High-entropy alloys (HEAs) are a large group of compositionally complex alloys which have invigorated research in the alloy development community in recent years. HEAs consist of multiple principle components, typically four or more, in concentrations between 5-35 at% and many HEAs have been reported to have promising thermal, structural, and irradiation-resistant properties.
Due to the vast range of possible HEA compositions, efficient exploration of the HEA composition space requires the use of high-throughput synthesis techniques. Here at UW-Madison, one of the techniques under development is in situ alloying via additive manufacturing. This is performed using an Optomec LENS MR-7, as schematic of which is shown in Figure 1. Here, four powder hoppers are each filled with a single elemental powder which can be drawn into the system at different feed rates using independently controlled augers. The desired ratio of elemental powders is transported to the print head using pressurized argon which mixes the powders in flight. The mixed powder exits the print head through four nozzles which direct the powder into the path of a 1-kW continuous-beam laser. At the intersection of the laser and powder, a pool of molten metal forms – by translating the build plate, the melt pool can be moved across the build plate leaving solidified material in its wake.

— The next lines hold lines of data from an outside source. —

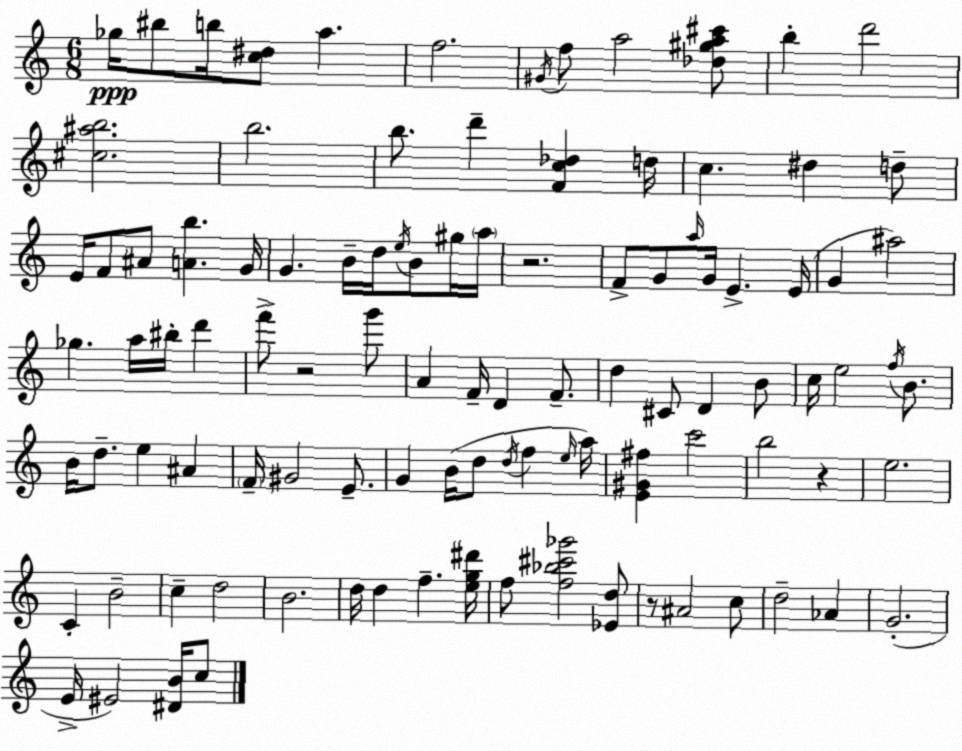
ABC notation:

X:1
T:Untitled
M:6/8
L:1/4
K:C
_g/4 ^b/2 b/4 [c^d]/2 a f2 ^G/4 f/2 a2 [_d^ga^c']/2 b d'2 [^c^ab]2 b2 b/2 d' [Fc_d] d/4 c ^d d/2 E/4 F/2 ^A/2 [Ab] G/4 G B/4 d/4 e/4 B/2 ^g/4 a/4 z2 F/2 G/2 a/4 G/4 E E/4 G ^a2 _g a/4 ^b/4 d' f'/2 z2 g'/2 A F/4 D F/2 d ^C/2 D B/2 c/4 e2 f/4 B/2 B/4 d/2 e ^A F/4 ^G2 E/2 G B/4 d/2 d/4 f e/4 a/4 [E^G^f] c'2 b2 z e2 C B2 c d2 B2 d/4 d f [eg^d']/4 f/2 [f_b^c'_g']2 [_Ed]/2 z/2 ^A2 c/2 d2 _A G2 E/4 ^E2 [^DB]/4 c/2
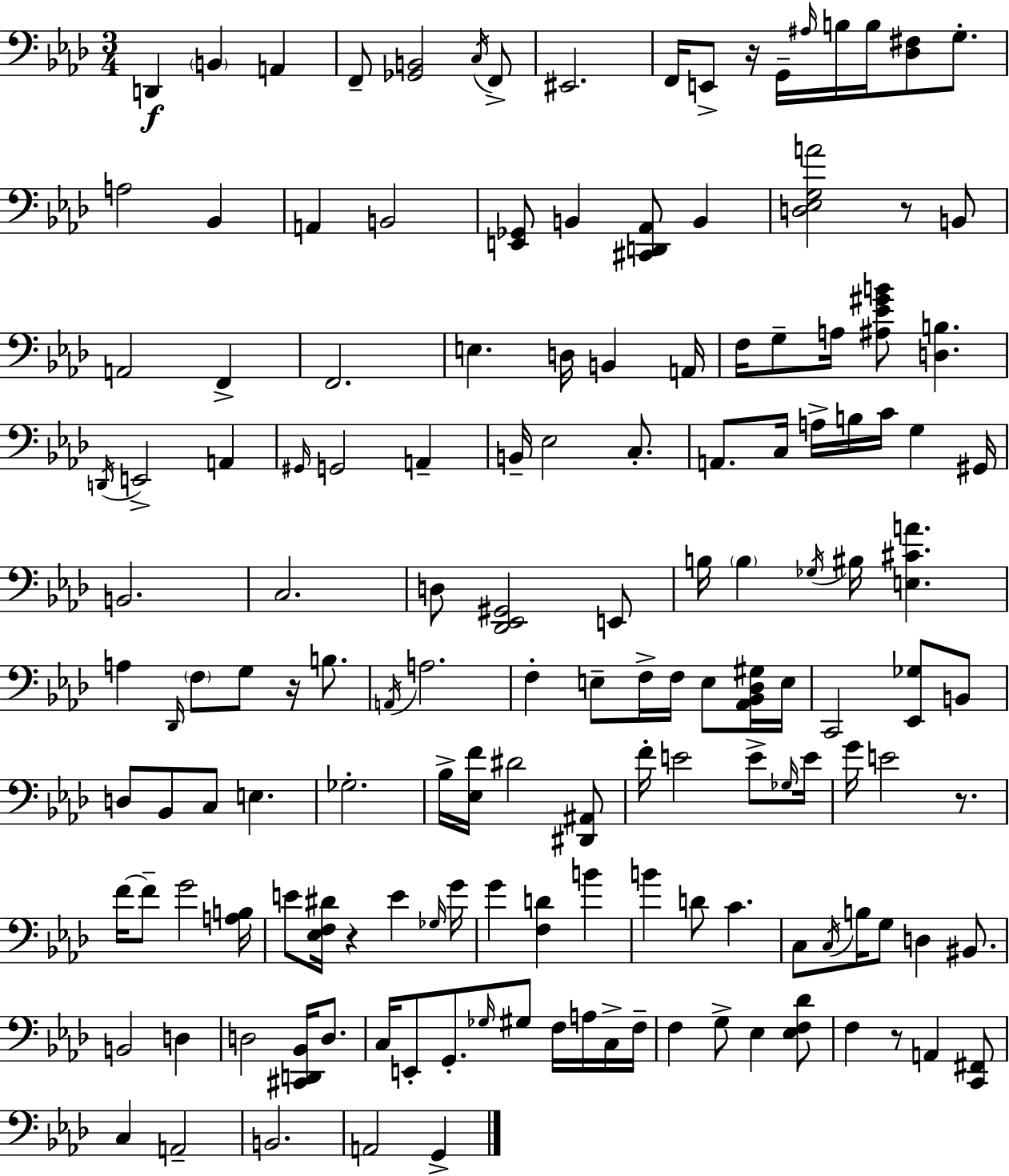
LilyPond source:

{
  \clef bass
  \numericTimeSignature
  \time 3/4
  \key f \minor
  d,4\f \parenthesize b,4 a,4 | f,8-- <ges, b,>2 \acciaccatura { c16 } f,8-> | eis,2. | f,16 e,8-> r16 g,16-- \grace { ais16 } b16 b16 <des fis>8 g8.-. | \break a2 bes,4 | a,4 b,2 | <e, ges,>8 b,4 <cis, d, aes,>8 b,4 | <d ees g a'>2 r8 | \break b,8 a,2 f,4-> | f,2. | e4. d16 b,4 | a,16 f16 g8-- a16 <ais ees' gis' b'>8 <d b>4. | \break \acciaccatura { d,16 } e,2-> a,4 | \grace { gis,16 } g,2 | a,4-- b,16-- ees2 | c8.-. a,8. c16 a16-> b16 c'16 g4 | \break gis,16 b,2. | c2. | d8 <des, ees, gis,>2 | e,8 b16 \parenthesize b4 \acciaccatura { ges16 } bis16 <e cis' a'>4. | \break a4 \grace { des,16 } \parenthesize f8 | g8 r16 b8. \acciaccatura { a,16 } a2. | f4-. e8-- | f16-> f16 e8 <aes, bes, des gis>16 e16 c,2 | \break <ees, ges>8 b,8 d8 bes,8 c8 | e4. ges2.-. | bes16-> <ees f'>16 dis'2 | <dis, ais,>8 f'16-. e'2 | \break e'8-> \grace { ges16 } e'16 g'16 e'2 | r8. f'16~~ f'8-- g'2 | <a b>16 e'8 <ees f dis'>16 r4 | e'4 \grace { ges16 } g'16 g'4 | \break <f d'>4 b'4 b'4 | d'8 c'4. c8 \acciaccatura { c16 } | b16 g8 d4 bis,8. b,2 | d4 d2 | \break <cis, d, bes,>16 d8. c16 e,8-. | g,8.-. \grace { ges16 } gis8 f16 a16 c16-> f16-- f4 | g8-> ees4 <ees f des'>8 f4 | r8 a,4 <c, fis,>8 c4 | \break a,2-- b,2. | a,2 | g,4-> \bar "|."
}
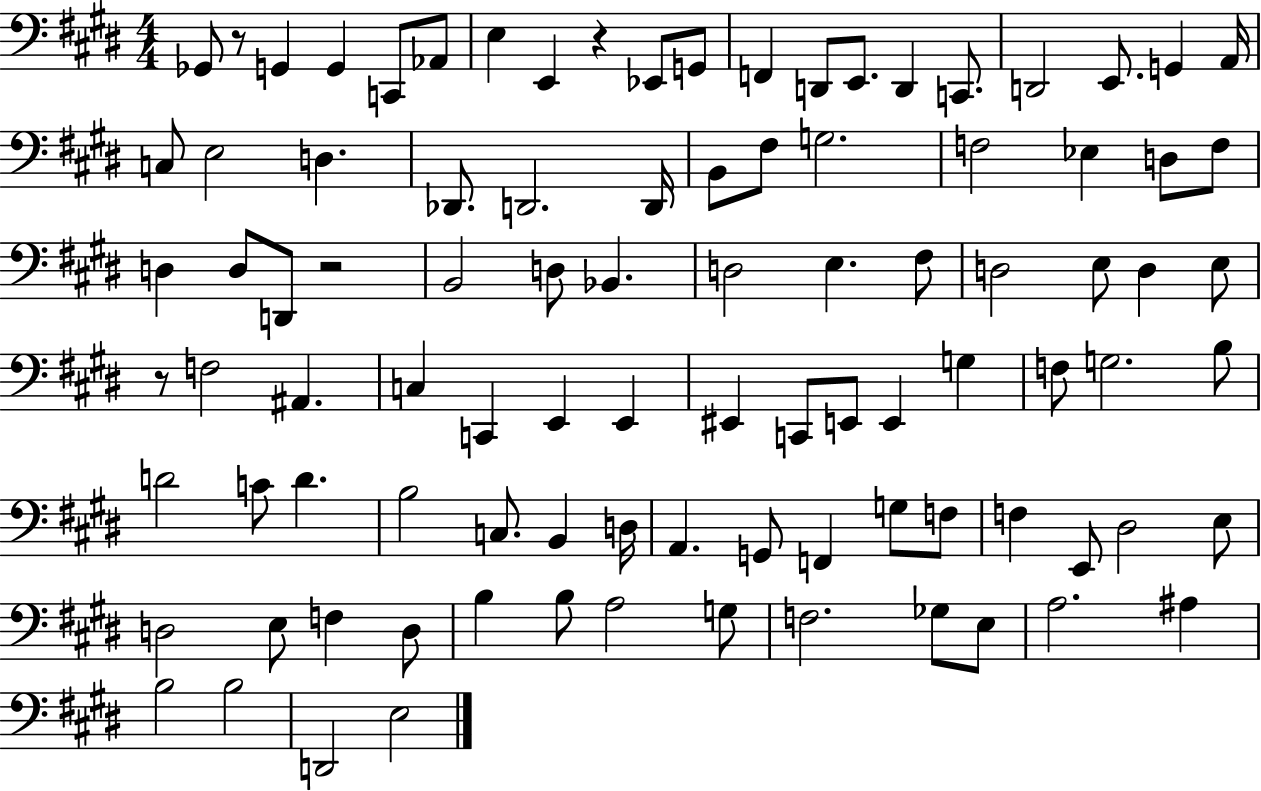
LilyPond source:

{
  \clef bass
  \numericTimeSignature
  \time 4/4
  \key e \major
  ges,8 r8 g,4 g,4 c,8 aes,8 | e4 e,4 r4 ees,8 g,8 | f,4 d,8 e,8. d,4 c,8. | d,2 e,8. g,4 a,16 | \break c8 e2 d4. | des,8. d,2. d,16 | b,8 fis8 g2. | f2 ees4 d8 f8 | \break d4 d8 d,8 r2 | b,2 d8 bes,4. | d2 e4. fis8 | d2 e8 d4 e8 | \break r8 f2 ais,4. | c4 c,4 e,4 e,4 | eis,4 c,8 e,8 e,4 g4 | f8 g2. b8 | \break d'2 c'8 d'4. | b2 c8. b,4 d16 | a,4. g,8 f,4 g8 f8 | f4 e,8 dis2 e8 | \break d2 e8 f4 d8 | b4 b8 a2 g8 | f2. ges8 e8 | a2. ais4 | \break b2 b2 | d,2 e2 | \bar "|."
}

This technique allows for a desired alloy composition to be produced in bulk quantities rapidly. Additionally, since the composition of the incoming powder can be changed on the fly, graded materials and sample arrays of different compositions can be produced. Such sample arrays can then be heat treated, mechanically tested, irradiated, and characterized in a high-throughput fashion which greatly increases the speed of materials screening and supports the investigation of HEAs for nuclear applications. As part of this work, the following elemental powders are being used for alloy development and screening: Cr, Fe, Mo, Mn, Nb, Ni, Ta, Ti, V, and W.